Putting Middle Eastern Events in Cultural and Historical Context

Friday, April 5, 2013

Tammam Salam Appears to Clinch Lebanese Premiership

As had seemed likely yesterday, Tammam Salam has apparently won a broad enough range of endorsements to assure his selection as Lebanon's new Prime Minister, winning consensus support from both the March 8 and March 14 sides of the political spectrum.

So this Lebanese political crisis proved to be rather short-lived (at least until he tries to form a government).

And, since I often give you an old picture for nostalgia before the weekend, this one might seem appropriate: Lebanese Prime Minister Saeb Salam (Tammam Salam's father) with Gamal Abdel Nasser in Damascus (then part of the United Arab Republic) in 1959:


David Mack said...

You have to love the continuity in Lebanon's political families.
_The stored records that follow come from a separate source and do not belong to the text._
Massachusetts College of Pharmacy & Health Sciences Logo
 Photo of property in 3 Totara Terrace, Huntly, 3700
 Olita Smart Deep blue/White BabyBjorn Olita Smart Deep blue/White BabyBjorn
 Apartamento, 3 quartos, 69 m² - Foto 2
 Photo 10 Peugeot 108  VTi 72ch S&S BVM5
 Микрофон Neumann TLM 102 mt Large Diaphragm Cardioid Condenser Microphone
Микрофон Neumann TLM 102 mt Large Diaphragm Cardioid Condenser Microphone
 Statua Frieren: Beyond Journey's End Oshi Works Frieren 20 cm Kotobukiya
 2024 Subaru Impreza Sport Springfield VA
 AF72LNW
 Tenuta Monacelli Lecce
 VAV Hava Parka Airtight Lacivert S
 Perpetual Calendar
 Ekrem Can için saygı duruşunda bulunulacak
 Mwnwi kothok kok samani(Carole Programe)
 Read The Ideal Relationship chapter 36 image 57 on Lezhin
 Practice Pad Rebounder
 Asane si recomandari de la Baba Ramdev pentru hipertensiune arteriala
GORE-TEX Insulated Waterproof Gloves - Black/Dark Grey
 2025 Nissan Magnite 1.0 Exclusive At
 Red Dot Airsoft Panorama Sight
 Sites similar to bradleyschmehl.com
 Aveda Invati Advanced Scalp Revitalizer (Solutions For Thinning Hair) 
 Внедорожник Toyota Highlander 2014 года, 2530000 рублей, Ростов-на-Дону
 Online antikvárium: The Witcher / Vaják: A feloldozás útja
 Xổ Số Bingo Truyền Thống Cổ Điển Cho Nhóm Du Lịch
On behalf of Reagan's special emissary for Lebanon, Phil Habib, I called on Saeb Salam when he was out of power in May 1983. A futile effort to get his support for the Lebanese-Israeli agreement Phil had negotiated. On the other hand, it always pays over the long term to maintain contacts with former Lebanese leaders. One day their sons (or grandsons in the case of several of them) return the family name to power.

Michael Collins Dunn said...

And Saeb's father, Tammam's grandfather, was prominent in Ottoman and Mandate times. Jumblatts have been around for centuries. There are still Karamis, Frangiehs, and Gemayels in the picture.